エンジンは基本的にデイズと同じで、三菱 i (エンジン車は2013年に販売終了)のエンジンをFF向けに転用した直列3気筒DOHC「3B20」型ユニット。NAの場合は、49psと6.0kgmを発揮する。同じNAでも、N-BOX(58ps、6.6kgm)、スペーシア(52ps、6.4kgm)、タント(52ps、6.1kgm)と比べると、ピークパワーでは水を開けられている。車重はデイズより約100kg重い950kg(試乗車)で、パワーウエイトレシオは約19.4kg/ps。発売当初のデイズ/eKのNAモデルは明らかにパワー不足だったこともあり、これではいかにも苦しい感じがする。
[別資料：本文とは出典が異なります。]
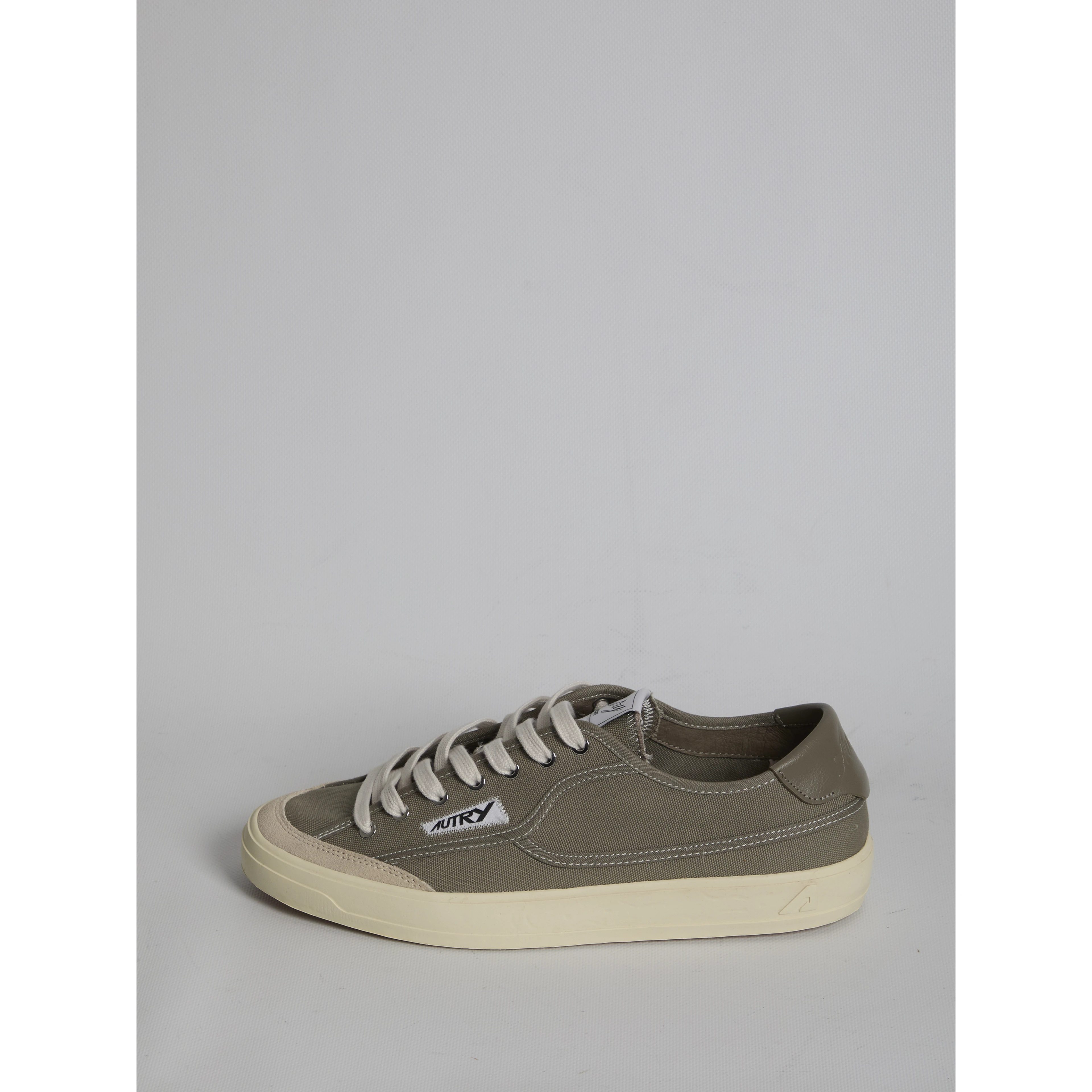 Windscape Low sneakers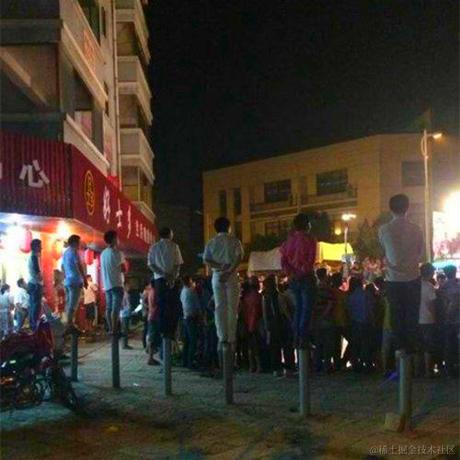 向往地方于2022-12-28 12:16发布的图片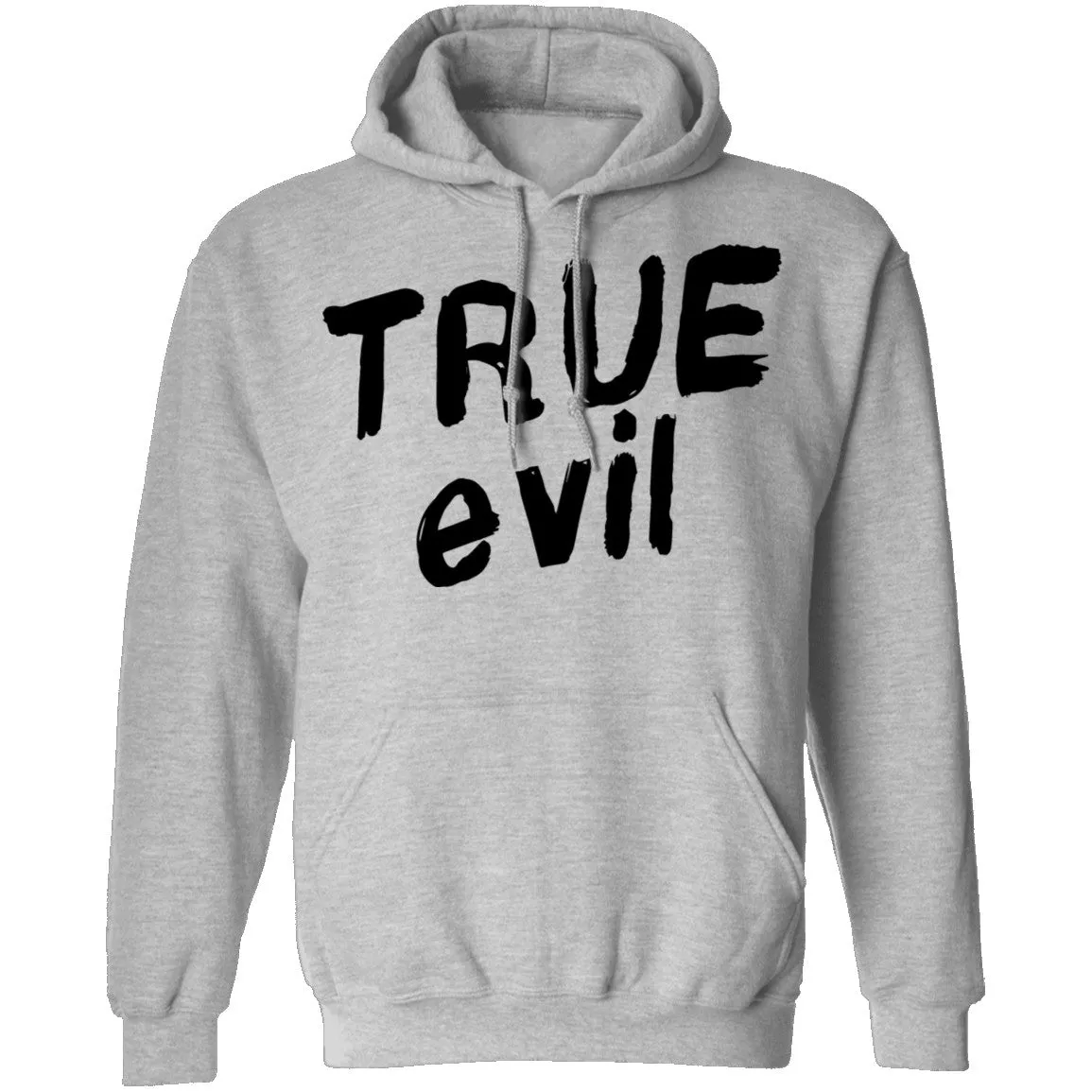 True Evil T-Shirt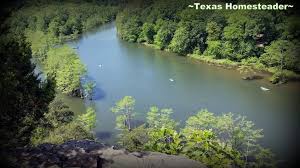 Beavers bend state park offers serious nature lovers the chance to hike along ridge tops, over creek bottoms, through tall stands of timber, and into remote areas. Broken Bow Oklahoma A Fun Sibling Trip Texas Homesteader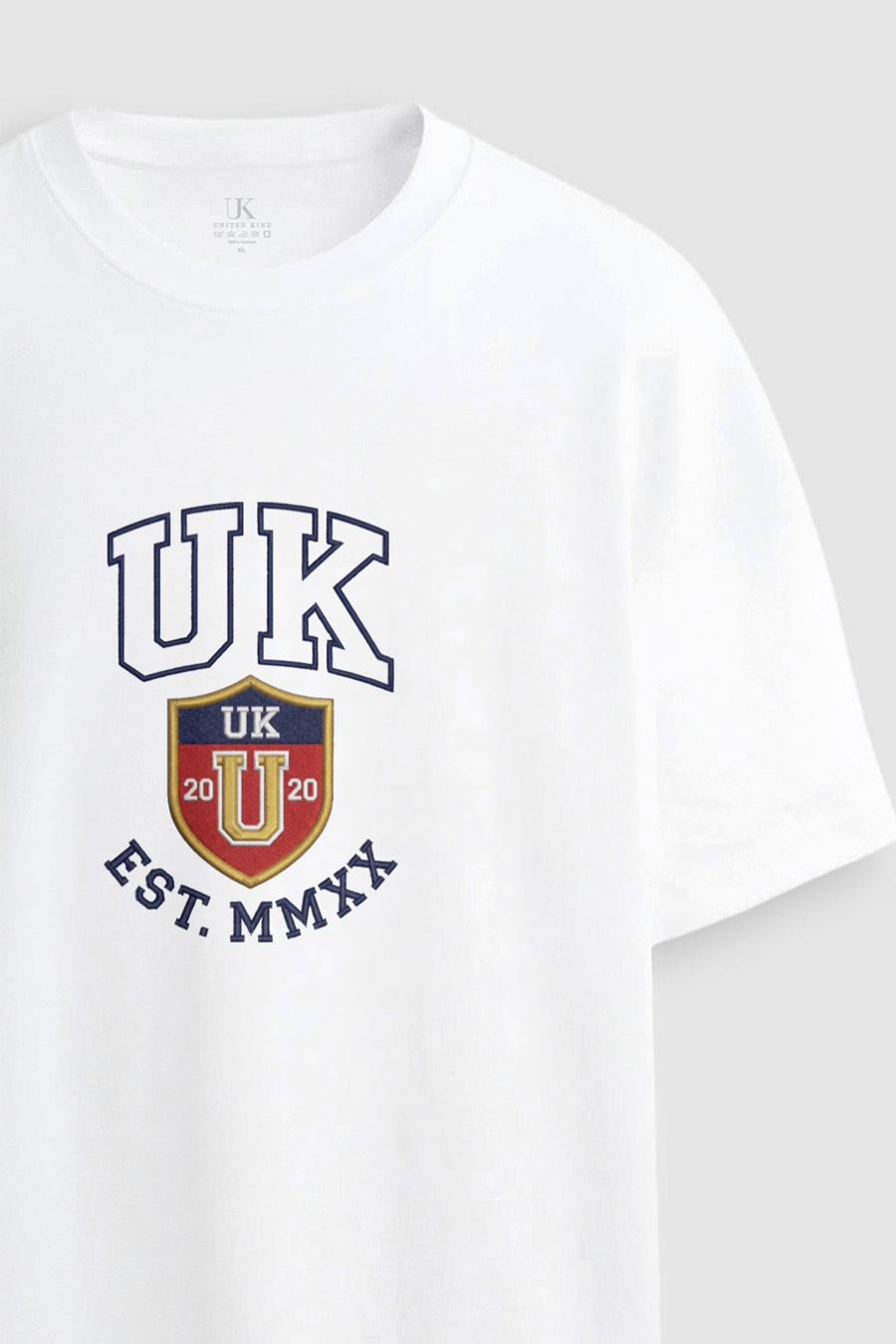 t-shirt-man-a-boxy-front-zoom2-white-5442.jpg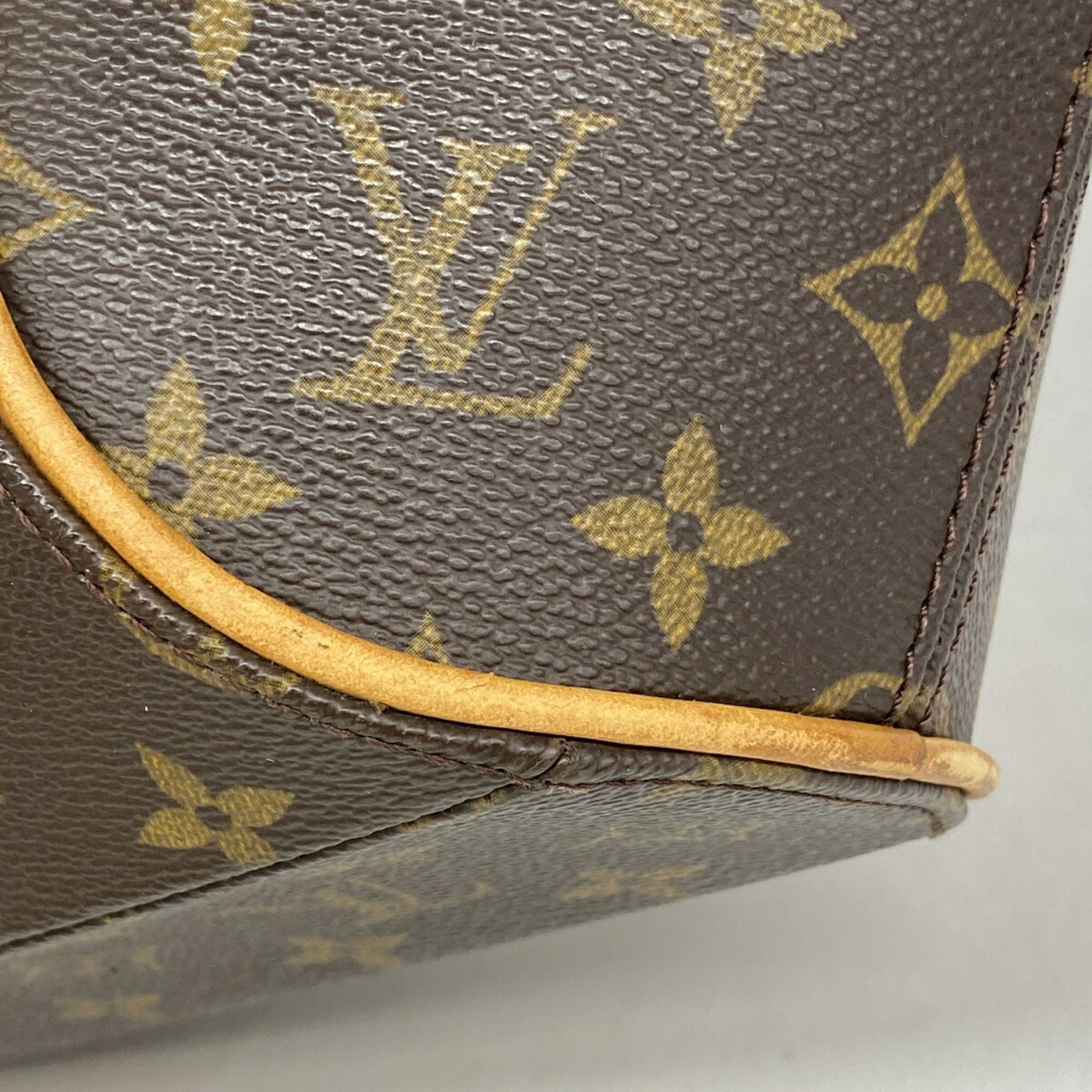 Handbag (Pre-Owned) - Louis Vuitton - Modalova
最終減速比ローギアード化や「バッテリーアシスト」で動力性能を確保
しかし、そこは日産/三菱側も把握しており、デイズルークス/eKスペースではしっかり対策。まず、NAモデルでは、初期デイズでは4.283だった最終減速比を4.575に変更(6.8%もローギアード化)。これで最終減速比は、スズキのスペーシア(4.572)とほぼ同じになった。
さらにエンジンは、吸気ダクトの設計変更やフリクション低減を行ったほか、減速エネルギーでニッケル水素電池に充電し、オルタネーターの負担を減らす「バッテリーアシストシステム」(三菱名はアシストバッテリー)を新採用するなど、大掛かりな改良を実施。なお、これらの改良は、この6月から7月にマイチェンした現行デイズ/eKにも実施済みだ。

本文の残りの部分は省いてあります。